### DESCRIPTION OF THE TASK
Write the listing out again word for word, leaving each picture behind.

### SUPPLIED DATA
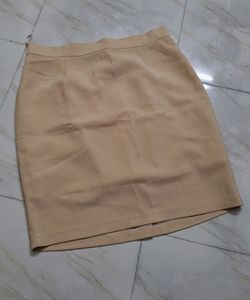 Biege Mini Skirt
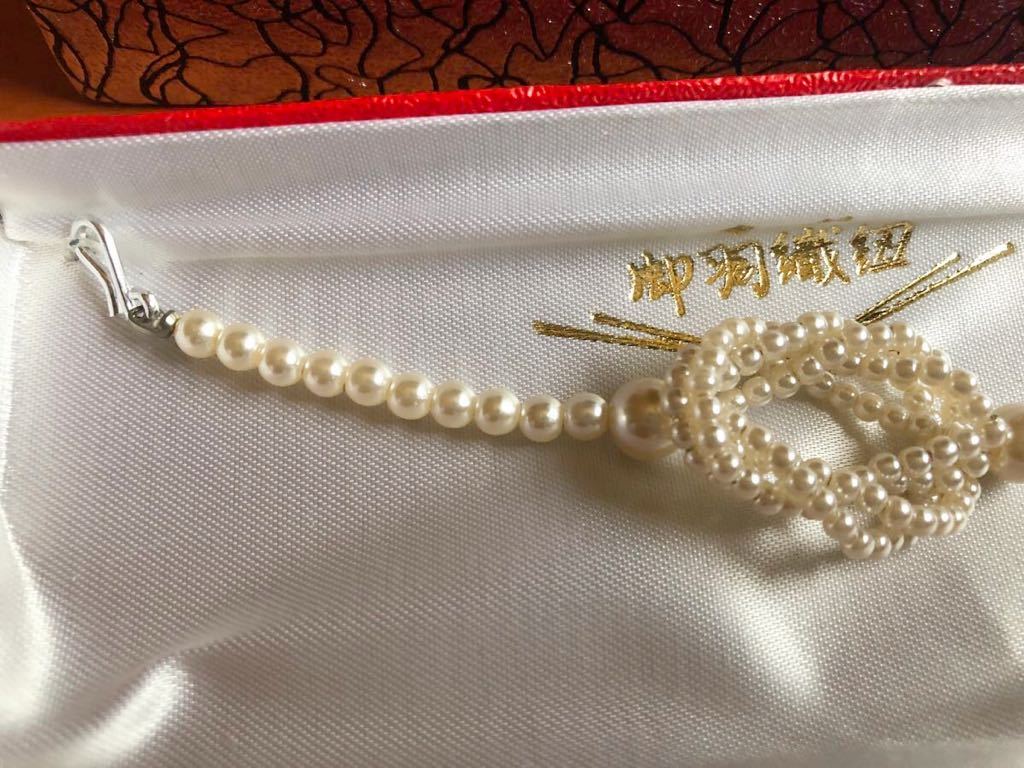 新品自宅保管！MIKIMOTOミキモト高級パール真珠の着物羽織紐飾り♪_画像6
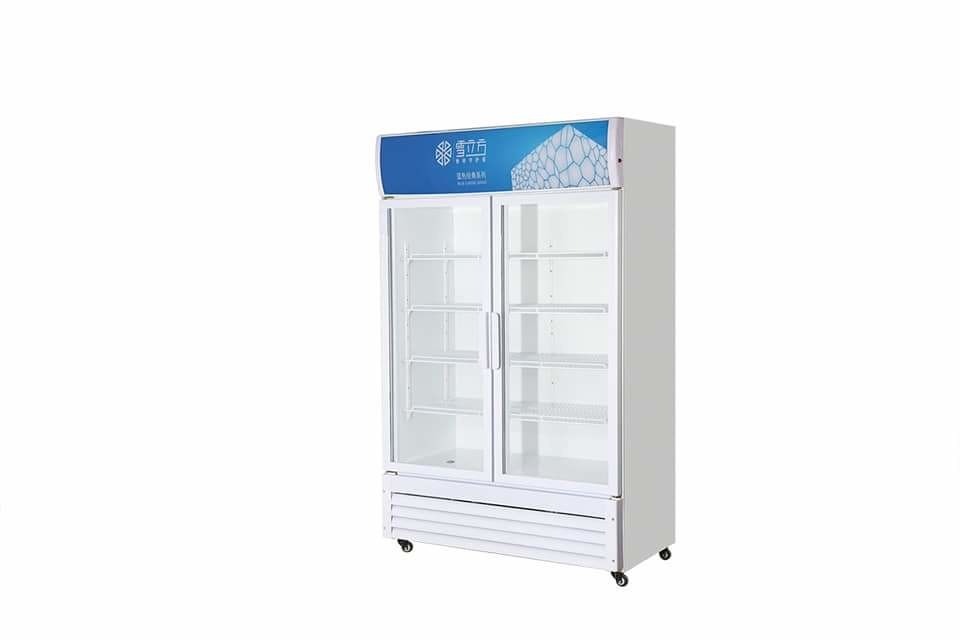 Supermarket Glass Door Vertical Display Freezer Commercial Refrigerator Freezer For Supermarket
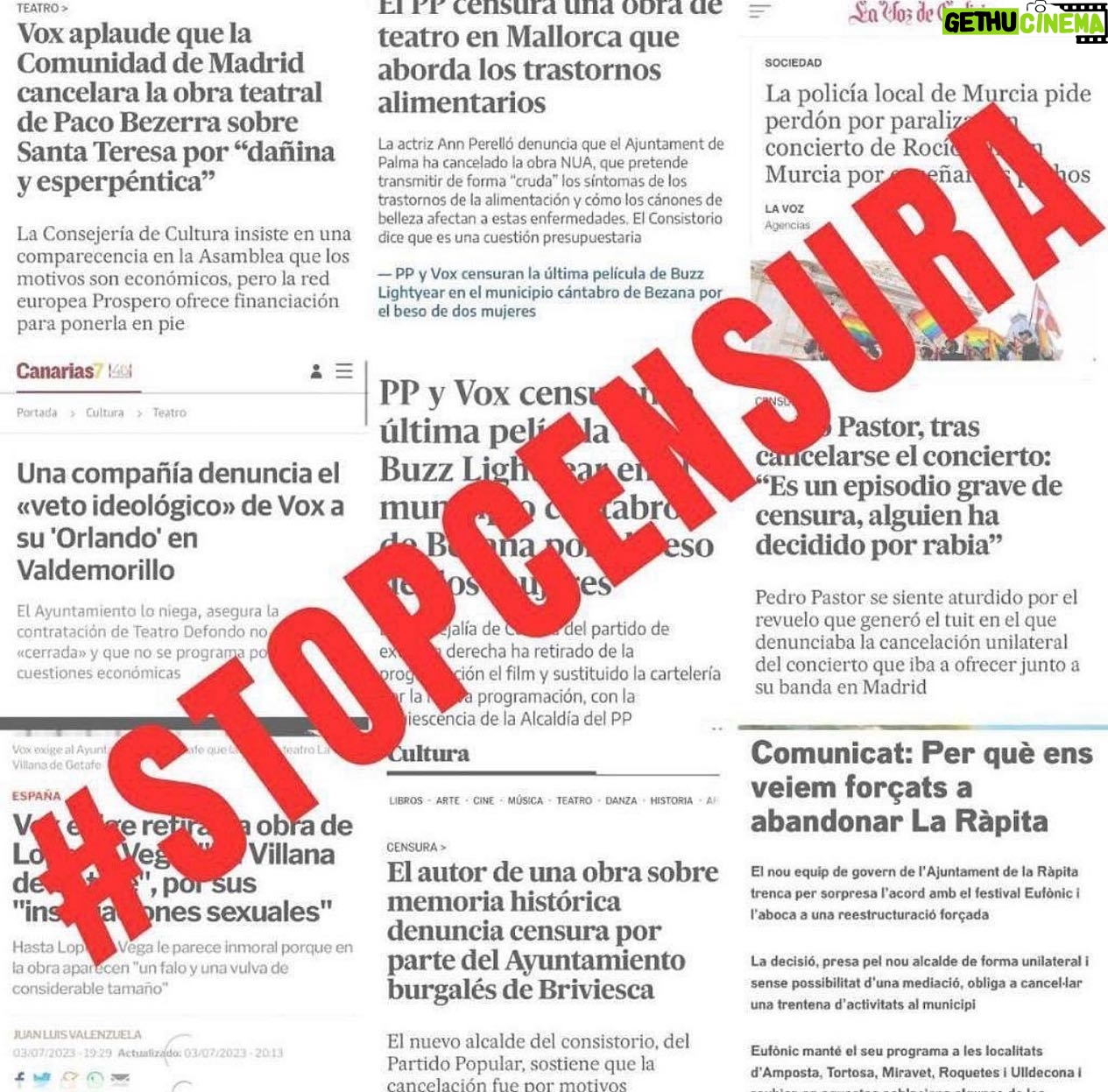 Inma Cuesta Instagram - Sin cultura no hay democracia. #stopcensura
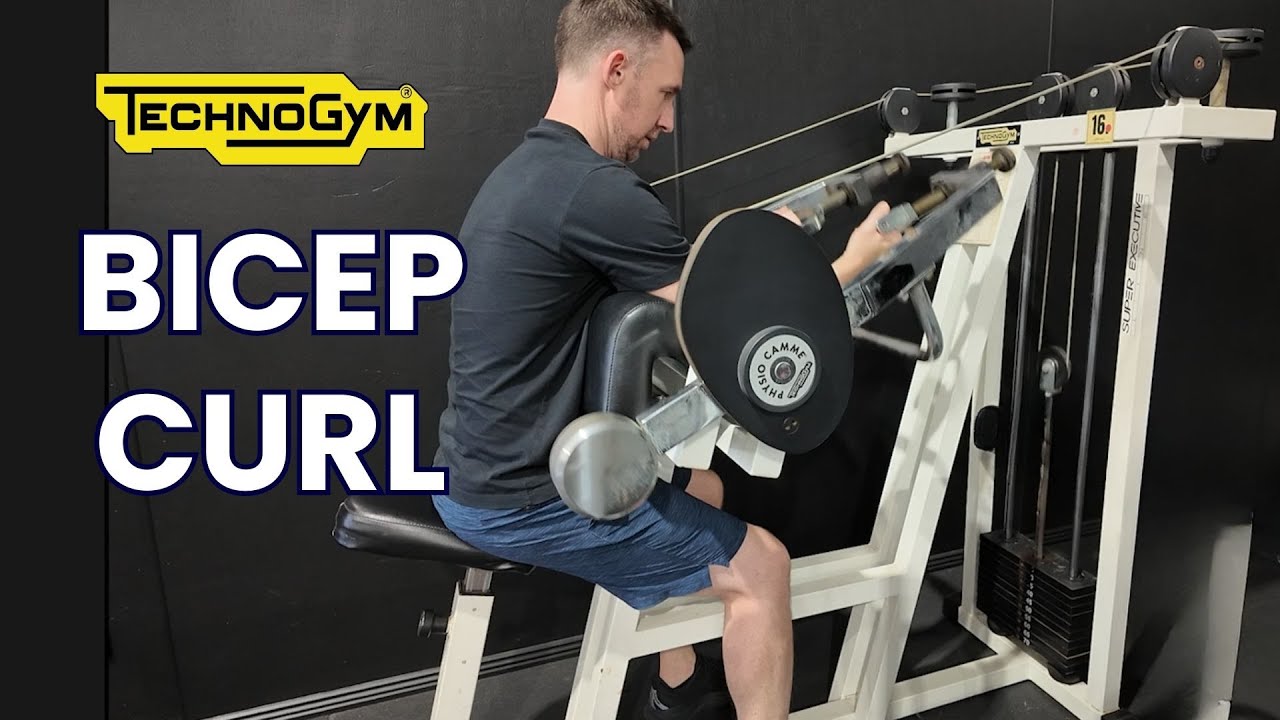 Technogym Bicep Preacher Curl Machine Analysis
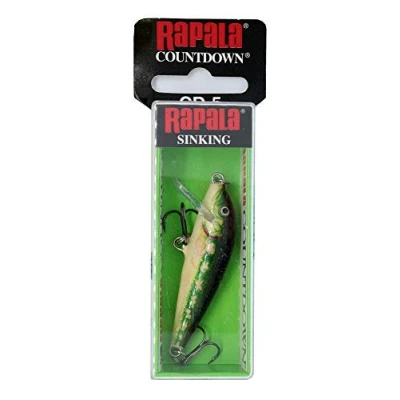 Image of Rapala CountDown Lure with Two No. 10 Hooks, 0.9 1.8 m Swimming Depth, 5 cm Size, Minnow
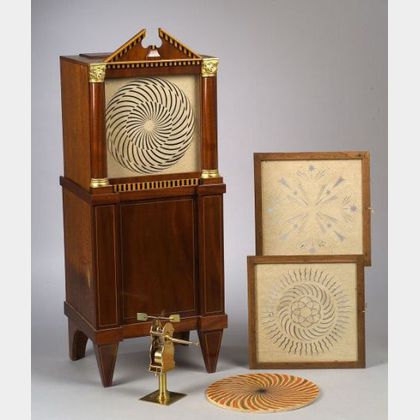 Exhibition-Quality Replica of 1750 Dutch Mechanical Optical Cabinet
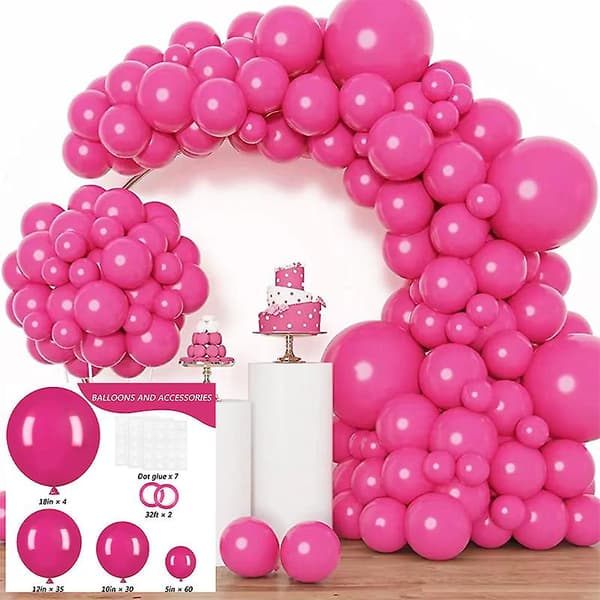 129 st Macaron Ballonger Båge Dekorationer Rose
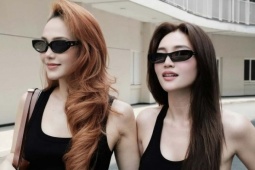 Minh Hằng diện set đồ 370 triệu dạo phố cùng Lan Ngọc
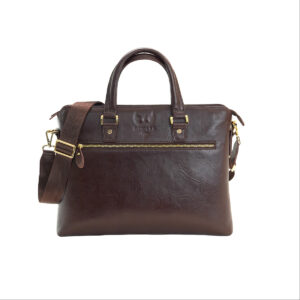 Túi Xách Công Sở Da Bò Nâu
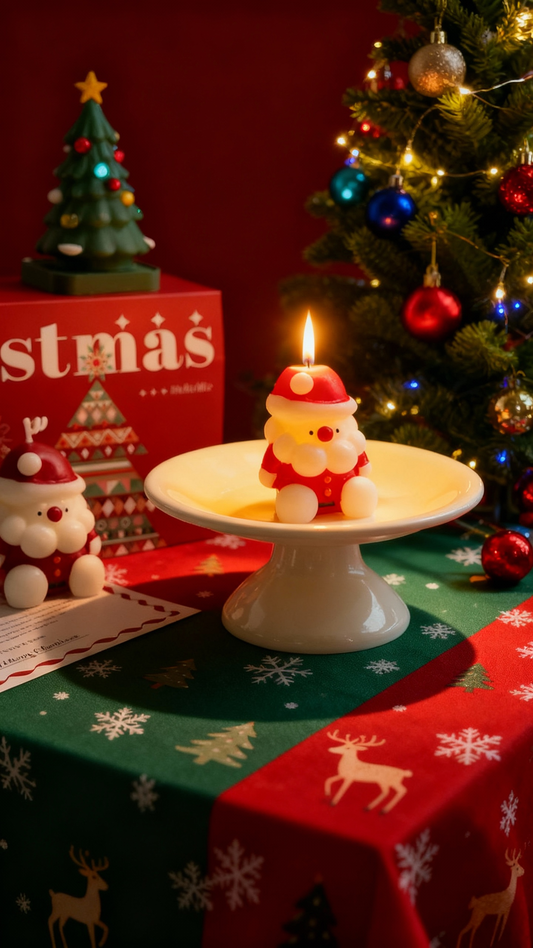 ชุดเทียนหอมคริสต์มาสสำหรับต้าพร้อมบริการ🎅🎁🎁 Christmas Gift Candle Set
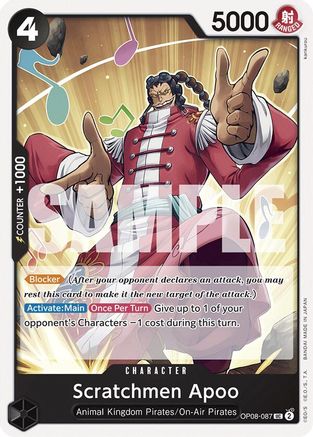 (OP08-087) Scratchmen Apoo - Two Legends Normal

### RESPONSE BELOW
 Biege Mini Skirt
 新品自宅保管！MIKIMOTOミキモト高級パール真珠の着物羽織紐飾り♪_画像6
 Supermarket Glass Door Vertical Display Freezer Commercial Refrigerator Freezer For Supermarket
 Inma Cuesta Instagram - Sin cultura no hay democracia. #stopcensura
 Technogym Bicep Preacher Curl Machine Analysis
 Image of Rapala CountDown Lure with Two No. 10 Hooks, 0.9 1.8 m Swimming Depth, 5 cm Size, Minnow
 Exhibition-Quality Replica of 1750 Dutch Mechanical Optical Cabinet
 129 st Macaron Ballonger Båge Dekorationer Rose
 Minh Hằng diện set đồ 370 triệu dạo phố cùng Lan Ngọc
 Túi Xách Công Sở Da Bò Nâu
 ชุดเทียนหอมคริสต์มาสสำหรับต้าพร้อมบริการ🎅🎁🎁 Christmas Gift Candle Set
 (OP08-087) Scratchmen Apoo - Two Legends Normal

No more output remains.